Figure 1: Sensor data processing is at the heart of IoT application innovation.
Neural networks’ data processing raises several challenges in terms of performance requirements. Therefore, the cloud was the first location to host this large processing demand, but this is currently evolving (Figure 2).
Figure 2: The need for more and more data processing closer to the sensors.
Firstly, connected devices often rely on a constrained power budget, limiting the capability to transmit large sets of data along wireless networks. Secondly, the connection between the end points and the cloud can have reliability issues, raising concerns about the reliability of the overall application. Thirdly, the inherent latency of the link between sensors and the cloud can have a bad impact at the application level. Finally, the data emitted out of the sensor raises inevitable privacy concerns.
For all these reasons, more and more computing capability is being transferred closer to the sensors, where the data is generated.
2. Limitations of current MCU solutions
Most often the first computing element through which sensors circulate data is the microcontroller unit (MCU). The MCU either gives feedback directly, based on the reading of the sensor and on certain instructions or – when the data is too complex to analyze – transmits the data for further processing in other computing elements, in the cloud for instance. Pushing more and more computing at the edge means transferring more and more computing capability to the MCU in order to take local decisions and action.
However, MCUs, as their name says, are good for control – not for processing. They are often based on architectures optimized for deep sleep mode, which can trigger efficient wake-up at every data event. The CPU is at the center of these centralized architectures and takes all decisions (Figure 3). These architectures make sense when the number of events is low, and when the processing required is relatively simple.
Figure 3: Standard CPU centric MCU architecture approach.
However, for processing large data flows – as is the case for artificial intelligence – MCUs often fail to meet the application requirements (Figure 4) and new architectures are required.
Figure 4: Limitations of standard computing architectures to enable a wide range of applications in the very edge power domain.

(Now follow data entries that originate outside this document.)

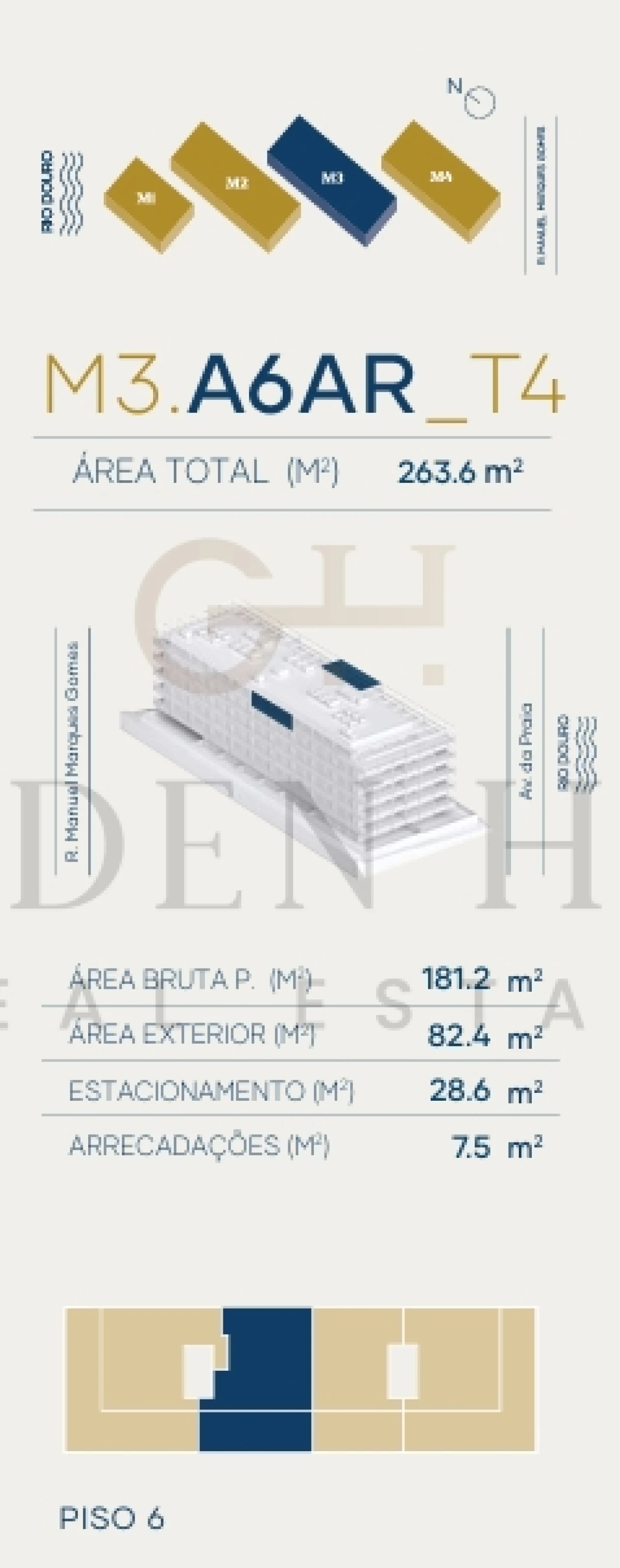 Apartamento T4 para Venda em Canidelo Planta 2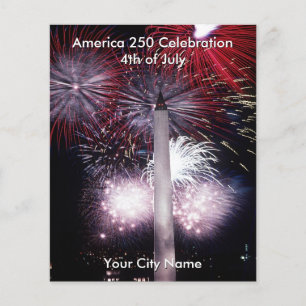 America 250 Community Fireworks WA Monument Flyer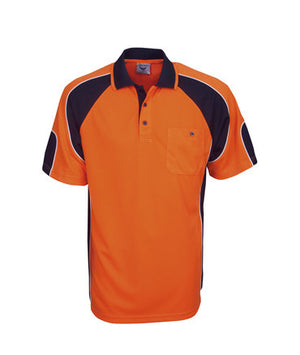 Hi Vis Cooldry Side Panel Polo | Workwear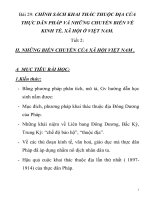 Bài 29: CHÍNH SÁCH KHAI THÁC THUỘC ĐỊA CỦA THỰC DÂN PHÁP VÀ NHỮNG CHUYỂN BIẾN pot
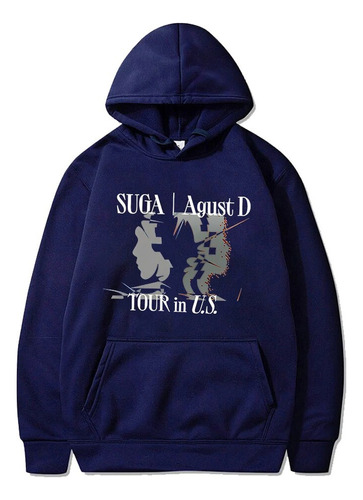 Sudadera Con Capucha Suga Agust D Tour Merch De Kpop, Manga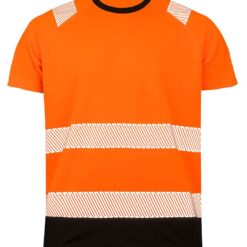 Result Genuine Recycled Safety T-Shirt - Fluorescent Orange, 4XL/5XL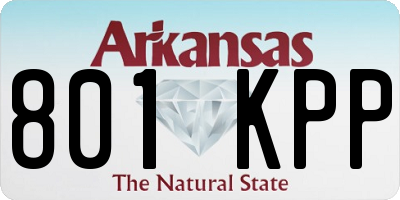 AR license plate 801KPP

3. What needs to be changed
In order to implement efficient data processing solutions at the edge, MCU architectures need to be modified.
Firstly, an efficient fine-grained data power network needs to be implemented, optimizing not only leakage, but also dynamic power.
Then a new sensor-centric approach must be implemented, to avoid involving the CPU in all events in the case of large data collection. To do this, the data must be collected without involving the CPU. This can be performed using a modified subsystem architecture based on an autonomous DMA combined with an event manager. The CPU should also be able to compute the data without interfering with the data collection task. This can be done through a novel low latency interconnect, which minimizes data access conflicts.
Figure 5: Innovative sensor-centric MCU architecture.
Finally, various specialized highly-efficient parallel computing blocks ranging from tiny Machine Learning (ML) to high performance neural network accelerators need to be added depending on the application requirement.
4. Dolphin Design SPEED MCU subsystem and computing platform offer
Figure 6: Dolphin Design MCU sub-system and processing platforms offers. Panther and Raptor platforms are still under development.
Dolphin Design has been working very intensively these last two years to develop three new System Platforms for Energy Efficient Design (SPEED), which integrate all the good practices mentioned above.
- ·Chameleon
- Chameleon is a configurable MCU sub-system embedding several standard peripherals, an autonomous DMA, a fined-grained power management unit, a tiny ML accelerator, a low latency interconnect, and an event manager. All these features provide extremely low power consumption in both deep sleep and active modes.
- The platform comes with an RTL configurator tool and all necessary drivers.
- ·Panther – under development
- Panther is a highly configurable DSP platform based on up to 16 processing elements and an ML/AI accelerator. The platform embeds an event manager as well as a low latency interconnect to maximize the energy efficiency.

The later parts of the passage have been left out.